Just as the Crimea has chosen to side with Russia, so western Ukraine under its new interim government in Kiev has sided with the EU. As you may remember this whole crisis erupted months ago when the elected Pres. Yanukovich of Ukraine, a pro-Russian Ukrainian, decided to abort the signing of a treaty between Ukraine and the EU that had been initiated by his predecessor Pres. Timoshenko, whom he had imprisoned, and instead he flew to Moscow to do a deal with Pres. Putin. It was clear that Putin was totally opposed to any deal between Ukraine and the EU, and wanted the Ukraine to remain within the Russian sphere of influence. Accordingly he offered Yanukovich a loan of billions of dollars to help support the ailing Ukrainian economy in place of the deal with the EU. This maneuver was anathema to most western-oriented Ukrainians who wanted to get out from under the Russians, and so a series of demonstrations started in Kiev and elsewhre that led after many months to the overthrow of Yanukovich, who fled Kiev and is now believed to be in Russia.

However, surprisingly Putin did not try to replace his puppet Yanukovich by force in Kiev, but instead he instigated a pro-Russian uprising in the Crimea, a part of sovereign Ukrainian territory that had been originally Russian, until in 1954 USSR Premier Khruschev (some say in a drunken haze) signed the Crimea over to Ukraine. This was a big mistake since the Russian Black Sea fleet had its headquarters at Simferopol in the Crimea. There followed years of haggling between Ukraine and Russia over who would control the fleet docked at Simferopol, until an agrement was arrived at that divided the fleet 2:1 in favor of Russia. However, that and all other treaties between the two States have now become defunct since the people in a referendum and the Parliament in Crimea voted to leave Ukraine and join the Russian Federation. A delegation was sent to Moscow where the Duma also voted for the inclusion of the Crmea into the Russian Federation and then Pres. Putin in a historic ceremony signed the papers that made Crima part of the Russian Federation. Now the question is, when will the rouble become the official currency in Crimea, will Russia continue to pay pensions and salaries that were previously paid by the Ukraine, and what will happen to the Ukrainian soldiers, sailors and the Ukrainian fleet still docked at Simferopol.
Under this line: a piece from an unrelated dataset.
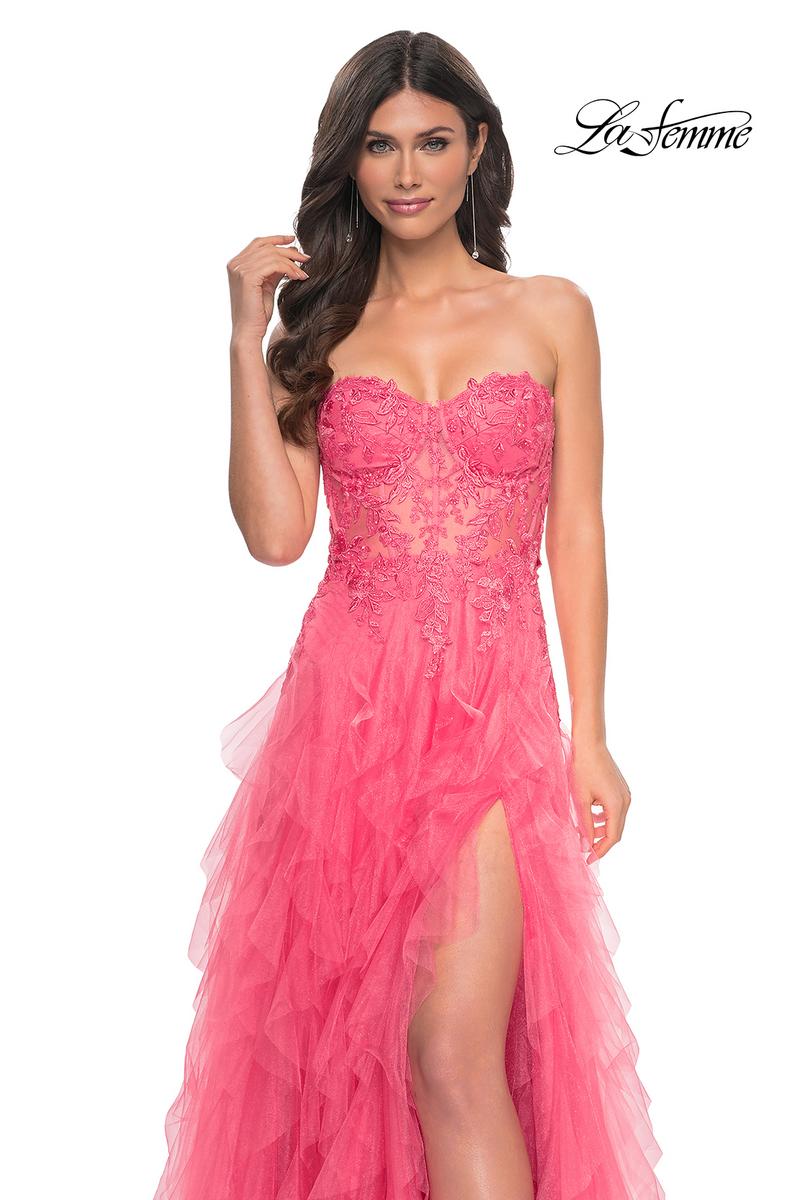 La Femme Dress 32286 - CORAL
Meanwhile the interim Pres. Yatsenyuk of Ukraine lost no time in first visiting the White House to meet with Pres. Obama and then to meet with the EU leaders and sign an accord with them, which is about the same as the original one that Yanukovich balked at. Now Ukraine (without Crimea) can consider itself a European nation and will receive support and financial assistance from the US and the EU. So the counter-signing has been done and the sides have been chosen. The big question is whether Putin's appetite for Russian expansion has been appeased or whether the signing by Pres. Yatsenyuk is like a red rag to a bull and it will provoke Putin to instigate violence in eastern Ukraine, that is already starting, in order to cause Ukraine to be further divided and then Russia will eat up the eastern half, leaving a much smaller pro-Western Ukraine. Would the US and EU intervene, not likely, they will merely turn the economic screws tighter on Russia. Will there be another Cold War? Probably. But where will it end, only time can tell.